Alan Carpenter, indigenous affairs minister for western Australia, has only just stepped into the radio studio when the flirting starts.

"You got a wife?" coos Mary G, his host, before he's had a chance to settle in his seat. "I can sit in your lap if you want," she trills a few minutes later.

It's Wednesday night, and in remote communities all across northern Australia thousands of people are tuned into "The Mary G Show," giggling at the to-and-fro between the politician and the Aboriginal radio host with a reputation for conducting on-air flirtations.

The humor is largely sophomoric, the music eclectic. This could be almost any community radio show with a cult following. But there's something very different about Mary G.

First, she's a genuine star - she also hosts a nationally televised variety show in Australia.

Then there's the fact that along with all the winks and nudges, she delivers important messages about things like nutrition and respecting your elders.

And finally, there's the little detail that Mary G is really a man - think Aboriginal Mrs. Doubtfire.

But what may be most important about Mary G is what her show says about the role women play in Australia's indigenous communities and the intricate kinship system that governs life in what is often described as the world's oldest living culture.

An unlikely star is born

Mark Bin Bakar, the slightly meek, goateed comedian and DJ who plays Mary G, insists he never planned to have an alter ego.

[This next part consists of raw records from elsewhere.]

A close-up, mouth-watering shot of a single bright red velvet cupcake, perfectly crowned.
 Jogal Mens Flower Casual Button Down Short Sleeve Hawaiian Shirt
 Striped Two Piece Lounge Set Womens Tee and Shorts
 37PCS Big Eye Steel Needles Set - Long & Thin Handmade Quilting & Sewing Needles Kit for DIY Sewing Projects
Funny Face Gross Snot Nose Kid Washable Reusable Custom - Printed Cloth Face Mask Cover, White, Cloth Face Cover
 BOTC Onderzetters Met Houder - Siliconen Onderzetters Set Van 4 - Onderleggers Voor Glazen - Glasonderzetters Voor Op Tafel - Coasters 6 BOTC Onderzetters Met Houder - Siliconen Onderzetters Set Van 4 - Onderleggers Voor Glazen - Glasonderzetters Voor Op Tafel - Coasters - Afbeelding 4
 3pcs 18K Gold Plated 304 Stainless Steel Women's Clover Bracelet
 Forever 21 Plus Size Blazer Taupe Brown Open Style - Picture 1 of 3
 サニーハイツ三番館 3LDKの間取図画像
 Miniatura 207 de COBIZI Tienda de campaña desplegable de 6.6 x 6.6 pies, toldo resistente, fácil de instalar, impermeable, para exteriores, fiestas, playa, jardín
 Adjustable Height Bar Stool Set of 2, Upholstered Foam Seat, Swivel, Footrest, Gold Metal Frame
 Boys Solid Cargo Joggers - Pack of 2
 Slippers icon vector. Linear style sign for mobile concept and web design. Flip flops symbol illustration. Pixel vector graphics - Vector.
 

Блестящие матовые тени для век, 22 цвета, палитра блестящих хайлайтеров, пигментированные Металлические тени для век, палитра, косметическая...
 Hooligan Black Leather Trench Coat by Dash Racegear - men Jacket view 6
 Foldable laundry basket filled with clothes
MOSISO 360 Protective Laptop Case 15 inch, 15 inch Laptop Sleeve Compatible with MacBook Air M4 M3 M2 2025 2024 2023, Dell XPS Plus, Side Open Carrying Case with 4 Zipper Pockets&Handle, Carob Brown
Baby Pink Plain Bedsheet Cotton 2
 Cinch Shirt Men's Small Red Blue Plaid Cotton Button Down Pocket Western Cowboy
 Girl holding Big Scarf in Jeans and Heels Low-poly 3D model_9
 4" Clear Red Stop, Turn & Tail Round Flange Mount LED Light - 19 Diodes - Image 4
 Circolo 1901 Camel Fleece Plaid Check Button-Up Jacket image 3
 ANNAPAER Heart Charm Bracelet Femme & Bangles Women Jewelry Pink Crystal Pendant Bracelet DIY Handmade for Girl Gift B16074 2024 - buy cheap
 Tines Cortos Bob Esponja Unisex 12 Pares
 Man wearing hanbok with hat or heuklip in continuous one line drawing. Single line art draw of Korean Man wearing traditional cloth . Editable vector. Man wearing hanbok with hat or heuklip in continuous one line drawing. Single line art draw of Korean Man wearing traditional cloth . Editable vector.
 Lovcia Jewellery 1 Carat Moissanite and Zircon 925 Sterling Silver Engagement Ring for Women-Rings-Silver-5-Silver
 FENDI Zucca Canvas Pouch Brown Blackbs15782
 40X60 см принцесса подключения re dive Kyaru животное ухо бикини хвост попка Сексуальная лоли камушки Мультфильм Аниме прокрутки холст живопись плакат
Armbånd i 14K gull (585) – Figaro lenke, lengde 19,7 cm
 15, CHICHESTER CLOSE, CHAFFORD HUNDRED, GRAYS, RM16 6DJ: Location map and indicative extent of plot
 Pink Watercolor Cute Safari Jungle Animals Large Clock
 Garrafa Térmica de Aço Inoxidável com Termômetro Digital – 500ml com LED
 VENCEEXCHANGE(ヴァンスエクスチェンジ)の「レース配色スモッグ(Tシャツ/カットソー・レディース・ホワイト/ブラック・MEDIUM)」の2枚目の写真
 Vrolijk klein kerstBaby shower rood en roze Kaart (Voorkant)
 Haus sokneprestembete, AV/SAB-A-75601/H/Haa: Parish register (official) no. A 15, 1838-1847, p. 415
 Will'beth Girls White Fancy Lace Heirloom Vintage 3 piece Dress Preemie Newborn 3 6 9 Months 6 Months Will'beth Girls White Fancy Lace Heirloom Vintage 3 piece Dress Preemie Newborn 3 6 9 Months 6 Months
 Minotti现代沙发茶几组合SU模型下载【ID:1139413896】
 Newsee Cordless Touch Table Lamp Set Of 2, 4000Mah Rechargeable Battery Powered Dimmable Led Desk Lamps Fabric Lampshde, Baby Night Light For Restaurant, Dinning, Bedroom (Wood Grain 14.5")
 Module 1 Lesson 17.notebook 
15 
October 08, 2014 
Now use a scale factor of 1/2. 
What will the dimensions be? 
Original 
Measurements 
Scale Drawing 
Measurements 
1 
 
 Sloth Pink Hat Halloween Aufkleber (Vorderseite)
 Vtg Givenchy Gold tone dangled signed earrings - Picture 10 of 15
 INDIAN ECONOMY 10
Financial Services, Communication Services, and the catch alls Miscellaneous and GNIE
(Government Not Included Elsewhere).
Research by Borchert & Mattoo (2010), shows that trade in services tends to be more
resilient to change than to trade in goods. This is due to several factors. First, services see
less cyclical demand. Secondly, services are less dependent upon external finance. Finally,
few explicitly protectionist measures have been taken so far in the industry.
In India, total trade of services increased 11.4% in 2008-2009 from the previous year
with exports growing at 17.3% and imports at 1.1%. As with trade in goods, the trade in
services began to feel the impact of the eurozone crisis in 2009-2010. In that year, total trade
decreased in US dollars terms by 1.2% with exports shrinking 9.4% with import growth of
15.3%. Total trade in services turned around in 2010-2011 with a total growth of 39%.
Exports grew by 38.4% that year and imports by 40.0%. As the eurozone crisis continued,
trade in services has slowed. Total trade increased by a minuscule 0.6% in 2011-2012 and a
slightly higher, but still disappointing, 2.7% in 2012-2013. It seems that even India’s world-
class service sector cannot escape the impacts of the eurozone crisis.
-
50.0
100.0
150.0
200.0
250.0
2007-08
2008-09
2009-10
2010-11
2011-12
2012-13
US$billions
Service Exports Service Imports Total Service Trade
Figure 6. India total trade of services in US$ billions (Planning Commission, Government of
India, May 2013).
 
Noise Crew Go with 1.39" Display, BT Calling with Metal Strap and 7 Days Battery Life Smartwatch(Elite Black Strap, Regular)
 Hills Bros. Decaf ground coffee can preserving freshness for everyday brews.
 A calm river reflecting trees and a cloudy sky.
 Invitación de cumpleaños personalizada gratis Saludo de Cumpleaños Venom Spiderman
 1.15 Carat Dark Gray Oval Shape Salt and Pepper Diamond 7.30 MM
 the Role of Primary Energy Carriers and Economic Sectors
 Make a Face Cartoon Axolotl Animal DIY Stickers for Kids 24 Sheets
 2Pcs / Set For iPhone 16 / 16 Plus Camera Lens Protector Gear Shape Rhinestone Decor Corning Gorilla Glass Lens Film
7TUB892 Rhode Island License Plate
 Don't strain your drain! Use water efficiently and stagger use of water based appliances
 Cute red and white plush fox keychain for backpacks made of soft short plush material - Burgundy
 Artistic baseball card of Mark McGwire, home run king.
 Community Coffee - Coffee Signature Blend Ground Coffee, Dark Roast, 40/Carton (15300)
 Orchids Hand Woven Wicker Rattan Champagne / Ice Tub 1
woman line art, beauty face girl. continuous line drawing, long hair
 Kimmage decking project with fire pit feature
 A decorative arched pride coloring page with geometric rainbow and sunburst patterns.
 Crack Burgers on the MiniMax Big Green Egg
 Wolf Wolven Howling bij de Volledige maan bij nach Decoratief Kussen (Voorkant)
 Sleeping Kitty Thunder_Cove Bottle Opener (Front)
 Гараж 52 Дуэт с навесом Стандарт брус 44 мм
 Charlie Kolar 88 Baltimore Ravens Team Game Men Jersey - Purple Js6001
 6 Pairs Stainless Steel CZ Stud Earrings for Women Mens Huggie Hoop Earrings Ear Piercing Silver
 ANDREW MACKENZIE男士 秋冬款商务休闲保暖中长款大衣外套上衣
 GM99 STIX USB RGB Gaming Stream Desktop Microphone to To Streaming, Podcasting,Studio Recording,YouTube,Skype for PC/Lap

But when he was bored one night in 1995, he began talking to himself on the air in a funny voice, and Mary G was born.

"Mary just walked in and said something like, 'Hello, dahling, you got a wife? I wouldn't mind meeting her,' " recalls Mr. Bin Bakar. Not long after that the phone lines started lighting up.

" 'Mary' gave Mark a hard time the first time she went to air, and people in the community were quite offended by that," he recalls. "They said: 'Who's this woman talking to Mark? She shouldn't be talking to Mark like that.' "

It didn't take long for people to see through Bin Bakar's ventriloquism. But by that time Mary G was entrenched in his weekly routine, and within two years she had her own show going out across Australia on an Aboriginal radio network.

Over the years, Mary G has evolved into a distinct persona based partially on Bin Bakar's mother, who is one of thousands of members of the so-called "Stolen Generations." These Aboriginal men and women were removed from their families as children and put into orphanages as part of government assimilationist policies practiced for much of the 20th century.

Bin Baker drew Mary G's sense of humor from his mother. She and her friends had joked about their ordeal - and whatever other obstacles they encountered - the whole time he was growing up.

"There's so much pain they carry inside, and yet they can laugh at anything," he says.

The rest of Mary G, Bin Bakar says, is modeled on the elderly "aunties" who rule both family and community life in many Aboriginal communities.

With one of these women, "You don't know whether she's hot or cold sometimes because one minute she's all over you - 'I love you, my darling, and you're a really good little kid.' And the next moment she's saying, 'Don't talk to your mother like that!' " he says. "Every family has a Mary G. She keeps people balanced. She keeps people knowing who they are, where they sit in the world."